Projected from the west, every late afternoon, the afterglow takes over Ponta Delgada, its streets and houses.
By the effects and ways of the light, it carries the black of the silhouettes.
And it highlights the elegance of the architecture, the sacred and the profane, which, in Ponta Delgada, prove to be complicated to untangle.
It precedes the tri-arch that makes Portas da Cidade, a black-and-white sidewalk, full of waves and stringed that keep our minds moored to the Atlantic.
When the sun falls behind the ocean, artificial lighting spreads the warm twilight.
Then, the arched doors stand out in an electric blue that overshadows the fading sky.
The Arrival of Religious Orders and Corresponding Christian Temples
Historic Ponta Delgada was built in basalt and limestone, the most convenient materials at hand.
The usual religious orders – Jesuits, Franciscans, Augustinians, Gratians and others – who settled and blessed the city since the early days of the colonization of São Miguel.

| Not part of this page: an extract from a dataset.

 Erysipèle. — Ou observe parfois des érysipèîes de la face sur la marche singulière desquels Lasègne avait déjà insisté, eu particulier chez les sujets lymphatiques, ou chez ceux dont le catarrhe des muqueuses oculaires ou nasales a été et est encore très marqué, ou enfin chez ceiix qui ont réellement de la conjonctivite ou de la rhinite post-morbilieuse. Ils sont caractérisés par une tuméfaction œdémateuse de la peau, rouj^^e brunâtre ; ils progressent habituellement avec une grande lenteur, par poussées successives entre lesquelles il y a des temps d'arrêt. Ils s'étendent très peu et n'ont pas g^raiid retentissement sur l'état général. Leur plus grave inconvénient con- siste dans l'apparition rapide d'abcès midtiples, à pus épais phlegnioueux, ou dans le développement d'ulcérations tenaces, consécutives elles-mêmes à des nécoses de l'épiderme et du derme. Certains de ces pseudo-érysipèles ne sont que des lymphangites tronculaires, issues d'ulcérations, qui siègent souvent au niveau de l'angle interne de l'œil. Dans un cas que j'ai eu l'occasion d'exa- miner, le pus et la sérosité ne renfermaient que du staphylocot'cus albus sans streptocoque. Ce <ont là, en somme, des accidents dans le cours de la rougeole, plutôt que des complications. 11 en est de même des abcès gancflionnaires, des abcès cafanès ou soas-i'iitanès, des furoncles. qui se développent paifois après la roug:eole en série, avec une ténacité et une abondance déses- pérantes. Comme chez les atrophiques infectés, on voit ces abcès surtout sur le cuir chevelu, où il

On the other side of the Portas, the Igreja Matriz de São Sebastião stands out from its own pavement of stars, in a baroque architecture, with a lot of Manueline style.
Or, according to the perspective, instead.
In any case, it holds one of the greatest Azorean treasures of sacred art, statuary, goldwork and vestments, including two dalmatics and two chasubles dating back six centuries.
To the northwest, a short distance away, stand the Church of Nª Srª da Conceição and the homonymous monastery. The neighboring convent of Nª Srª da Esperança accommodates another sacred treasure, the Senhor Santo Cristo Treasury, made of gold, studded with precious stones and, accordingly, another of the most valuable religious heritage sites in Portugal.
Nearby, we are also surprised by the intricate Church of Todos-os-Santos, next to the Antero de Quental Garden, also known as Jardim dos Namorados, in which two or three couples justify their baptism.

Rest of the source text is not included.